Enter Patrick Doherty.
Doherty arrives at Haverford after spending eight seasons as an assistant coach under head coach Fran O’Hanlon at Lafayette College, including the last two as associate head coach. He also suited up for Lafayette, as a freshman walk-on back in 2001 before health issues ended his playing career.
“It’s just really exciting getting a chance to call some timeouts and draw up some plays,” Doherty said. “It’s bittersweet leaving Lafayette, because I went to school here, I’ve been around this college for twelve years of my life, so it’s hard moving on -- but I’m excited for it.”
Having been around O’Hanlon for the better part of this century and spending eight seasons working with him, Doherty is looking to bring some of the lessons that he was taught by O’Hanlon with him to Haverford.
“I would say the principles that he coaches by and runs his program by will be very similar,” Doherty said. “It might not necessarily look exactly the same in terms of what’s out on the court, but the things that he talked to our guys about every day.
“To give you an example, we talk about sharing the ball and giving yourself up and making good, quick decisions on the court, all of those things are translatable and adaptable to however you want to play so I’m going to bring plenty of lessons from Fran with me down to Haverford and then we’ll figure out how we’re going to kind of put it all into action on the court.”
Haverford is coming off of a 4-21 season (3-15 Centennial Conference) in 2016-17 and an overall record of 29-94 in the last five years, so Doherty is looking to improve on those numbers from day one.
“My big thing is that I’m going to get right to work at it and try to get a jumpstart on recruiting and try to figure out how I can help these guys improve their games over the summer,” he said.
Fortunately for Doherty, every player on Haverford is returning except for guard Matt Sherman who was the team’s lone senior on the team last season. But he’s got a long road ahead to bring the Fords up to the level of defending league champion Swarthmore and other perennially high-level programs in Johns Hopkins and Franklin & Marshall, as well as the rest of the Centennial.
This is Doherty’s first head coaching job since he was the head coach of the Central Bucks East JV basketball team in the 2006-2007 season.

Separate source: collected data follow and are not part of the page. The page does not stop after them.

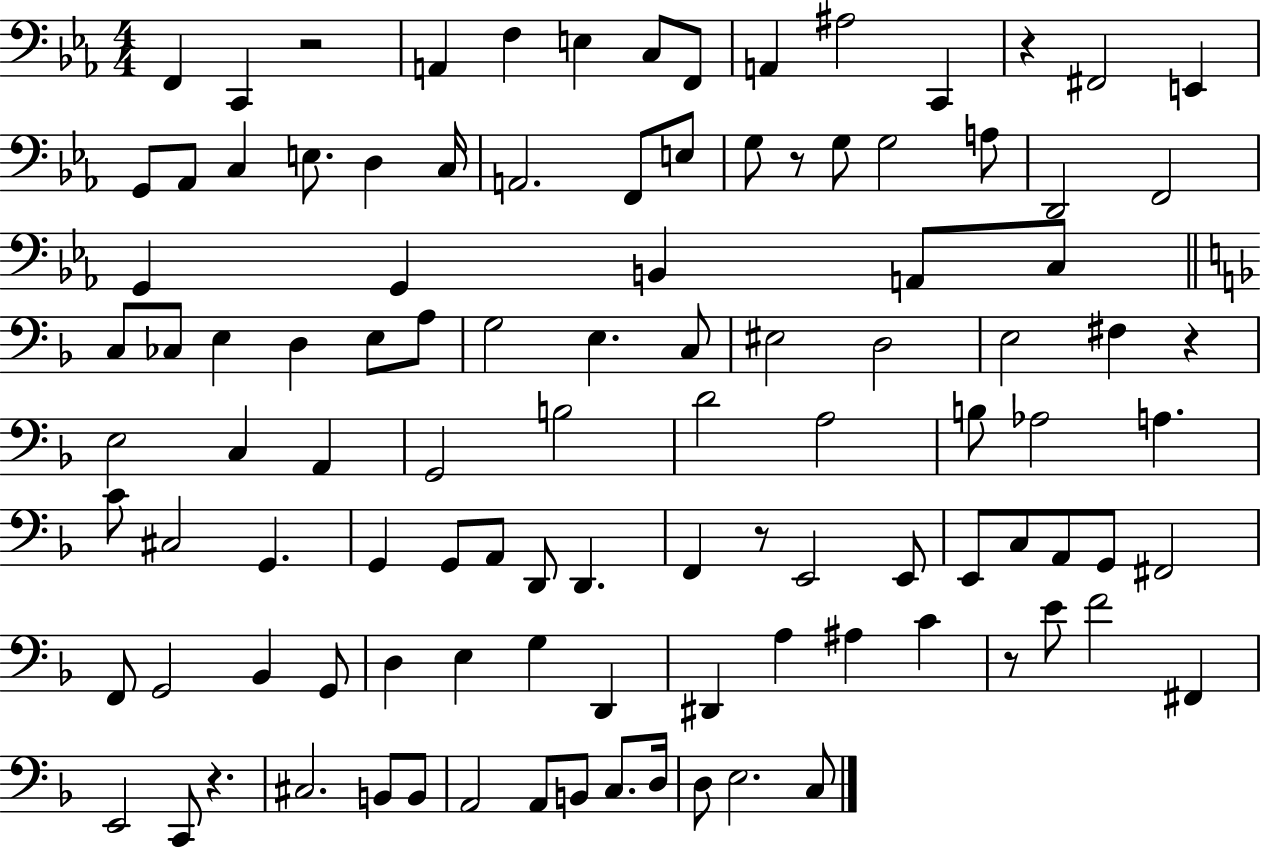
{
  \clef bass
  \numericTimeSignature
  \time 4/4
  \key ees \major
  f,4 c,4 r2 | a,4 f4 e4 c8 f,8 | a,4 ais2 c,4 | r4 fis,2 e,4 | \break g,8 aes,8 c4 e8. d4 c16 | a,2. f,8 e8 | g8 r8 g8 g2 a8 | d,2 f,2 | \break g,4 g,4 b,4 a,8 c8 | \bar "||" \break \key d \minor c8 ces8 e4 d4 e8 a8 | g2 e4. c8 | eis2 d2 | e2 fis4 r4 | \break e2 c4 a,4 | g,2 b2 | d'2 a2 | b8 aes2 a4. | \break c'8 cis2 g,4. | g,4 g,8 a,8 d,8 d,4. | f,4 r8 e,2 e,8 | e,8 c8 a,8 g,8 fis,2 | \break f,8 g,2 bes,4 g,8 | d4 e4 g4 d,4 | dis,4 a4 ais4 c'4 | r8 e'8 f'2 fis,4 | \break e,2 c,8 r4. | cis2. b,8 b,8 | a,2 a,8 b,8 c8. d16 | d8 e2. c8 | \break \bar "|."
}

Prior to coaching at Lafayette, Doherty spent one season as an assistant at The College of New Jersey during the 2007-2008 season and then in the 2008-2009 season, he was an assistant coach at Williams College for head coach Mike Maker.

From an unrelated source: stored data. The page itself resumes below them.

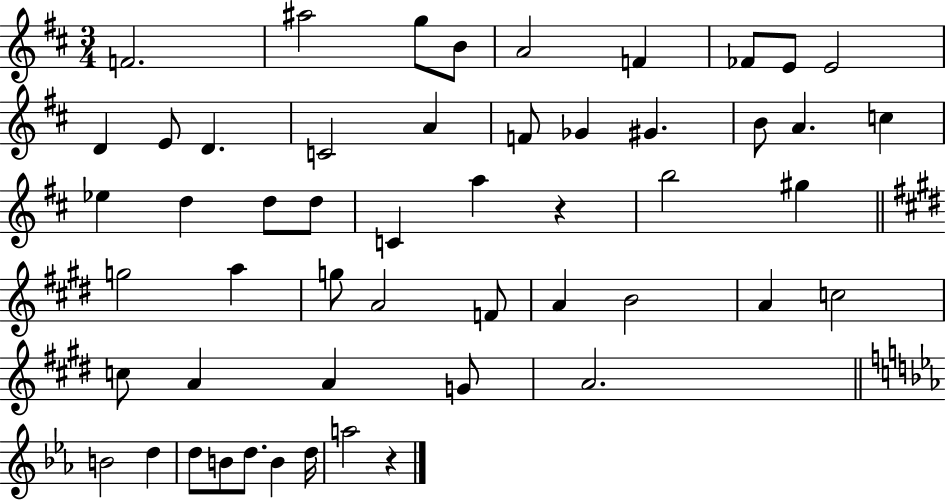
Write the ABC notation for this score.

X:1
T:Untitled
M:3/4
L:1/4
K:D
F2 ^a2 g/2 B/2 A2 F _F/2 E/2 E2 D E/2 D C2 A F/2 _G ^G B/2 A c _e d d/2 d/2 C a z b2 ^g g2 a g/2 A2 F/2 A B2 A c2 c/2 A A G/2 A2 B2 d d/2 B/2 d/2 B d/4 a2 z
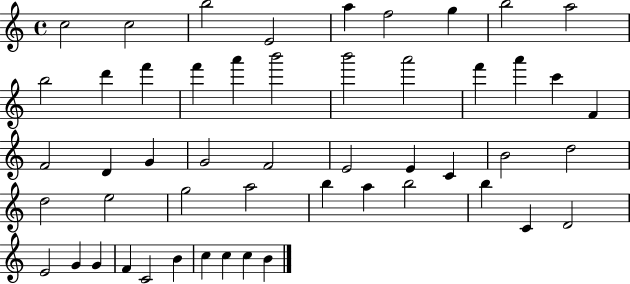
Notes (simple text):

During his one year tenure with Williams College, Doherty got a taste of what it’s like to be a first-year head coach as that was Maker’s first season in that position.
“I think the biggest thing I’ll pull from my time at Williams is just how to get started with a program and some of the things that are really important right away to get a jump start on,” Doherty said. “The thing I learned from coach Baker is that building relationships with the kids that you’re going to coach is far and away the most important thing you can do to get started with a program.”

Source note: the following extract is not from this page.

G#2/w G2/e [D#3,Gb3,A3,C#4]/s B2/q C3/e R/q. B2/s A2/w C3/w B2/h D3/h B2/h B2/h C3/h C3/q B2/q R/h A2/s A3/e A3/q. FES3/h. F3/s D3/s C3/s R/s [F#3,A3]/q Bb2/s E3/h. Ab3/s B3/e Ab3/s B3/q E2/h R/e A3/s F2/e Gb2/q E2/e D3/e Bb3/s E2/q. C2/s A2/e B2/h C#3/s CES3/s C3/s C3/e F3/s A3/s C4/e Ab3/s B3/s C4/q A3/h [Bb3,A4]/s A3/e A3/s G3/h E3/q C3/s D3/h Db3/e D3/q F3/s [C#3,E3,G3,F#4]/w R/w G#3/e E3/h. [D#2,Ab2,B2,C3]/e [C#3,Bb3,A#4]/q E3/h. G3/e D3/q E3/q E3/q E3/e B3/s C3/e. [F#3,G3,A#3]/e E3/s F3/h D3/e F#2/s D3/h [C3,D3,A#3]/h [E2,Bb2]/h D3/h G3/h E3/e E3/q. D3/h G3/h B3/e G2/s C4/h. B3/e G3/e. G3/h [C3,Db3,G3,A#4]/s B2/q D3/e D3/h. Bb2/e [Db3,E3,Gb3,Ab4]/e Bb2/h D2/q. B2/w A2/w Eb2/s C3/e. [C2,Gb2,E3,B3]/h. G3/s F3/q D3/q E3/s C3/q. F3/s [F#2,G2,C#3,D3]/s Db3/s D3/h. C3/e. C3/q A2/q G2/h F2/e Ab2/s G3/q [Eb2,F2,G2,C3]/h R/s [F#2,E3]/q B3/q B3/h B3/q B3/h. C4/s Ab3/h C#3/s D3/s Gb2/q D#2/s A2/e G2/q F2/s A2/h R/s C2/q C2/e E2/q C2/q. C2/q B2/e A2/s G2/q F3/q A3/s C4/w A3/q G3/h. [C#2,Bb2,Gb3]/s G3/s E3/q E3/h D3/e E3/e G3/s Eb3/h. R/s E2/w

Having experience at Lafayette and the Patriot League, one of the more high-academic conferences at the Division I level, Doherty said that the type of players he will be looking for will be familiar, even if the names are different.
“I do think having been a recruiter in this academic world and knowing all the AAU programs and the high school programs all over the country, year-after-year they have the kind of kids that end up in the Ivy, the Patriot and the NESCAC and the Centennial, I think all those things are going to help me enormously,” he said.
Joining Doherty as first-year head coaches in the Centennial Conference are Josh Loeffler, the former Loyola (Md.) assistant coach who is taking over the Johns Hopkins program, and Kevin Hopkins, who is taking over the Muhlenburg program. Swat’s Landry Kosmalski adds to the group of under-40 bosses.
With a handful of successful young coaches in the conference along with the veteran of the Centennial, 72-year-old Franklin and Marshall head coach Glenn Robinson, there seems to be a new wave of youth taking over the conference.
“We’re all going to be duking it out here and I’m really excited for it because all of these guys I know are going to do tremendous jobs,” Doherty said. “I know they’re going to work really hard and it should be a lot of fun.”